After reading the entries below, copy word for word the lines from the first through the line containing "Obraz na płótnie", and stop there.
*** Opening Data for analysis ***
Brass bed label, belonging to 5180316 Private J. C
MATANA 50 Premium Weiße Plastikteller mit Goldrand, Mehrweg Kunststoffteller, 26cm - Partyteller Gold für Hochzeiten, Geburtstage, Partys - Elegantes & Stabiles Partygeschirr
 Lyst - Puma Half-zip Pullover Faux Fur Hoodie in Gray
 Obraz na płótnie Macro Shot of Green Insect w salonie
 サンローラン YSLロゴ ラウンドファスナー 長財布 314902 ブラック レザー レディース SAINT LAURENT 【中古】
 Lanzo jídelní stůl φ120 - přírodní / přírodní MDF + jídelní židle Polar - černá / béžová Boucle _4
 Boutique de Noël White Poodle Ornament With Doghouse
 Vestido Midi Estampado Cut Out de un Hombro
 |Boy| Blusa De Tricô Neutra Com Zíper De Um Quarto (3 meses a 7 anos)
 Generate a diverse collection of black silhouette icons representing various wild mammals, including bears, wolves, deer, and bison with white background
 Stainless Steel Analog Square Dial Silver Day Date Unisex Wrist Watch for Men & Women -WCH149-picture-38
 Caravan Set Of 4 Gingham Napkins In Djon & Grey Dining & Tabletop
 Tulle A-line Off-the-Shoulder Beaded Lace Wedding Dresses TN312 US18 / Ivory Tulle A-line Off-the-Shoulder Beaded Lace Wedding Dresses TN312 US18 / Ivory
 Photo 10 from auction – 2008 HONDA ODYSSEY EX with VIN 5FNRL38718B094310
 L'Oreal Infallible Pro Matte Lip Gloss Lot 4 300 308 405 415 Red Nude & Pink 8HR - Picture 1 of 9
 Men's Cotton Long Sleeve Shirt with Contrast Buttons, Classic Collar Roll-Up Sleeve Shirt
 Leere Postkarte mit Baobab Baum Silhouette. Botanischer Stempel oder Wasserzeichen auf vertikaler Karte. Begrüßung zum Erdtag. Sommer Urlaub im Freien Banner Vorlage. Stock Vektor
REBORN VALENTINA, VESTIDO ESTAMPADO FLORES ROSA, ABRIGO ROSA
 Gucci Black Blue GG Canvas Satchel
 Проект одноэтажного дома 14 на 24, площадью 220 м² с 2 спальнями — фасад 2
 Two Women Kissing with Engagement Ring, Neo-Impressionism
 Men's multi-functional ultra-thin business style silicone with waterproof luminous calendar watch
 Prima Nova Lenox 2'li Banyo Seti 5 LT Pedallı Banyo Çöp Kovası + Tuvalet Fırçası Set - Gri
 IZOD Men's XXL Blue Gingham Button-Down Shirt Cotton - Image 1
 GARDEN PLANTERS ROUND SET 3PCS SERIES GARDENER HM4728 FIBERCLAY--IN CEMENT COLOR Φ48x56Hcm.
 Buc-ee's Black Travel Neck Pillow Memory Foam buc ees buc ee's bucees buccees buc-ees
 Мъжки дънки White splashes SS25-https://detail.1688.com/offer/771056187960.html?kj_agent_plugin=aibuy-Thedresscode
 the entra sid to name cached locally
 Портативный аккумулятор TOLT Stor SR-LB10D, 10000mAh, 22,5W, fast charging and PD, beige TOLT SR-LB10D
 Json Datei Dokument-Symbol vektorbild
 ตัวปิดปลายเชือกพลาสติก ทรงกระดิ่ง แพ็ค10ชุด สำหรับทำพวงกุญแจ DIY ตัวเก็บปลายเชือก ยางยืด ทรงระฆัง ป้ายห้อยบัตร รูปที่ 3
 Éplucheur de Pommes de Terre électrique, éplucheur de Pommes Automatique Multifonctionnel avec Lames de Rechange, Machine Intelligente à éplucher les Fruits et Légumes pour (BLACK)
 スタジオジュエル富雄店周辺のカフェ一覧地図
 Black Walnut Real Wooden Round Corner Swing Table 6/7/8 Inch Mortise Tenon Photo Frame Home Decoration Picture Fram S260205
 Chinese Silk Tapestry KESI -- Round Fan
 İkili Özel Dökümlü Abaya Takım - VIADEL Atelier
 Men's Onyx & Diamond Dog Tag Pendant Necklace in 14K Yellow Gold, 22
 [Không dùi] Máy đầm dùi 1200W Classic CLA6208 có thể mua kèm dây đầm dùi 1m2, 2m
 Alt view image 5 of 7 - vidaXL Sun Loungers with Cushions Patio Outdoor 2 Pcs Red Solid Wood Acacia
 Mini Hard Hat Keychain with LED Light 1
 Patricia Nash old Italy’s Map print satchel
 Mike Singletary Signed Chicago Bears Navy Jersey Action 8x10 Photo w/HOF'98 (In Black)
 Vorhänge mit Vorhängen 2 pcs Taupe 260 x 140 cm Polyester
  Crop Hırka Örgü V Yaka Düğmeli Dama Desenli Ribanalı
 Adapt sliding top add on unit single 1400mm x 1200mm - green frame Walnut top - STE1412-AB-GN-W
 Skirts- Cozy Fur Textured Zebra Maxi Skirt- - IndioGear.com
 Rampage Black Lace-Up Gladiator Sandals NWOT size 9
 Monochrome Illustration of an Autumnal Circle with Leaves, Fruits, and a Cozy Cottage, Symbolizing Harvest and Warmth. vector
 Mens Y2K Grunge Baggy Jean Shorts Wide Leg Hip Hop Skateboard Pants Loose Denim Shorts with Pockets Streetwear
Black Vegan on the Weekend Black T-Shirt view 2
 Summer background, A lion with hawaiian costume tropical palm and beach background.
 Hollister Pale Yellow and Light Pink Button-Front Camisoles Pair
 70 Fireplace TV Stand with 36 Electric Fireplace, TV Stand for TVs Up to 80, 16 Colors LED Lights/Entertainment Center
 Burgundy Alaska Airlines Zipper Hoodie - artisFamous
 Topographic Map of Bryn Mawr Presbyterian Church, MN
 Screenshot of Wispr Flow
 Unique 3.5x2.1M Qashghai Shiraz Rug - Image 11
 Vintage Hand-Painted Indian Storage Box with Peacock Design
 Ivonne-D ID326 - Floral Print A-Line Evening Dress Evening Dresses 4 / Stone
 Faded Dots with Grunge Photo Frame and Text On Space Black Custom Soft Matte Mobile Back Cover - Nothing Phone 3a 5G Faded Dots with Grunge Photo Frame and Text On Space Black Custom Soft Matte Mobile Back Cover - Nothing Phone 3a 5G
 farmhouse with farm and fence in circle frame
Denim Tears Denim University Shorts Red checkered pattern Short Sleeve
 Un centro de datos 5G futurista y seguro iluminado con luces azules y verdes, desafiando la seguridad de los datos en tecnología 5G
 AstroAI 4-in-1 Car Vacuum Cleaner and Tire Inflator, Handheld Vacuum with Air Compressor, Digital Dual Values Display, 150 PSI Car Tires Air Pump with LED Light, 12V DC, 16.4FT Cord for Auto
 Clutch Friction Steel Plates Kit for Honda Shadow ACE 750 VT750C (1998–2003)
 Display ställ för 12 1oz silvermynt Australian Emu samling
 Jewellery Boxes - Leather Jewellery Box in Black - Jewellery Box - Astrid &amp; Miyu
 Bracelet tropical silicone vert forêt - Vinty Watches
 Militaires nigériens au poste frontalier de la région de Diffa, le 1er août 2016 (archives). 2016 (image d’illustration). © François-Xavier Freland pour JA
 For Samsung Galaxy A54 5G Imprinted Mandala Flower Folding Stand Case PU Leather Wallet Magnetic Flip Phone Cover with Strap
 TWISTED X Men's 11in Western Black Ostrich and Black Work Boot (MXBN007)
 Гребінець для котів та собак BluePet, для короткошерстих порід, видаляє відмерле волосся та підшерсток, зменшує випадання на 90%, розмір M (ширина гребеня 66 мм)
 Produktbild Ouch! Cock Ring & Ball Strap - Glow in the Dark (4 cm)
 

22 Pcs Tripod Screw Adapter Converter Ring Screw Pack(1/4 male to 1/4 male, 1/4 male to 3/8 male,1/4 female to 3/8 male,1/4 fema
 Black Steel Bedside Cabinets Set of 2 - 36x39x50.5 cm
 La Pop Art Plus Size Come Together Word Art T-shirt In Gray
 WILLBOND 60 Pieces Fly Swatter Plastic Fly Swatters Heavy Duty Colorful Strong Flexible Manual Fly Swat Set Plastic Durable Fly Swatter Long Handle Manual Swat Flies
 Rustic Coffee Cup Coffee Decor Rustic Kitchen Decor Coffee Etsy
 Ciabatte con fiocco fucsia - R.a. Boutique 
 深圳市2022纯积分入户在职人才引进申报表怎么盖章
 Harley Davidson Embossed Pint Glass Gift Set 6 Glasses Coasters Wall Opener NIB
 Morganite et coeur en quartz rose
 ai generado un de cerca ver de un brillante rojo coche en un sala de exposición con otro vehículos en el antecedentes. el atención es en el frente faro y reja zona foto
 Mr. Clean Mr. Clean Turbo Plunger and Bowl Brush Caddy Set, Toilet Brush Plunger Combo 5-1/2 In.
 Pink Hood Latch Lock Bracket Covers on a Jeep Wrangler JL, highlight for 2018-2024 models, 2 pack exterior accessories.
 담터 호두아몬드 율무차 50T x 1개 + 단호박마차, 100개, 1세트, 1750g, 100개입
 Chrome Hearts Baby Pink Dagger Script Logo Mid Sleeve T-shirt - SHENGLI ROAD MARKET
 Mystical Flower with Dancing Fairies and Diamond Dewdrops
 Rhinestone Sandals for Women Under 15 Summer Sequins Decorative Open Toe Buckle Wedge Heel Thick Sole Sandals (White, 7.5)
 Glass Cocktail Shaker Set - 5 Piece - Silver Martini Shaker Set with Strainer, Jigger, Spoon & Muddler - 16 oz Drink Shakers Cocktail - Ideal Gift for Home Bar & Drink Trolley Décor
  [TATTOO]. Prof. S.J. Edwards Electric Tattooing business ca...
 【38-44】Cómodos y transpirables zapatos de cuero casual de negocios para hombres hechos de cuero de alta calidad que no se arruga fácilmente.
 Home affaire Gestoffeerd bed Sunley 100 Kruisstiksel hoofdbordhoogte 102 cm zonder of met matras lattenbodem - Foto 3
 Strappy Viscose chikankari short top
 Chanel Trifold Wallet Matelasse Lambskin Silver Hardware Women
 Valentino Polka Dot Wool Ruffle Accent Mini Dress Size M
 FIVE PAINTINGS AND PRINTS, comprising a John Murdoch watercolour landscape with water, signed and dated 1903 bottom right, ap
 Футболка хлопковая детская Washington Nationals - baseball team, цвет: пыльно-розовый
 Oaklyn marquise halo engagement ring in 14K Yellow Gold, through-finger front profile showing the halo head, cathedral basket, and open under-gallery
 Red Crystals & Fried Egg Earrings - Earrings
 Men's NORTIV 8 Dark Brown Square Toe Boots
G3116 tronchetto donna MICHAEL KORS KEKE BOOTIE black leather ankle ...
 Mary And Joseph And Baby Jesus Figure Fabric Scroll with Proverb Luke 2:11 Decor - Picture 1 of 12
*** Closing Data for analysis ***
*Exercise answer:*
Brass bed label, belonging to 5180316 Private J. C
MATANA 50 Premium Weiße Plastikteller mit Goldrand, Mehrweg Kunststoffteller, 26cm - Partyteller Gold für Hochzeiten, Geburtstage, Partys - Elegantes & Stabiles Partygeschirr
 Lyst - Puma Half-zip Pullover Faux Fur Hoodie in Gray
 Obraz na płótnie Macro Shot of Green Insect w salonie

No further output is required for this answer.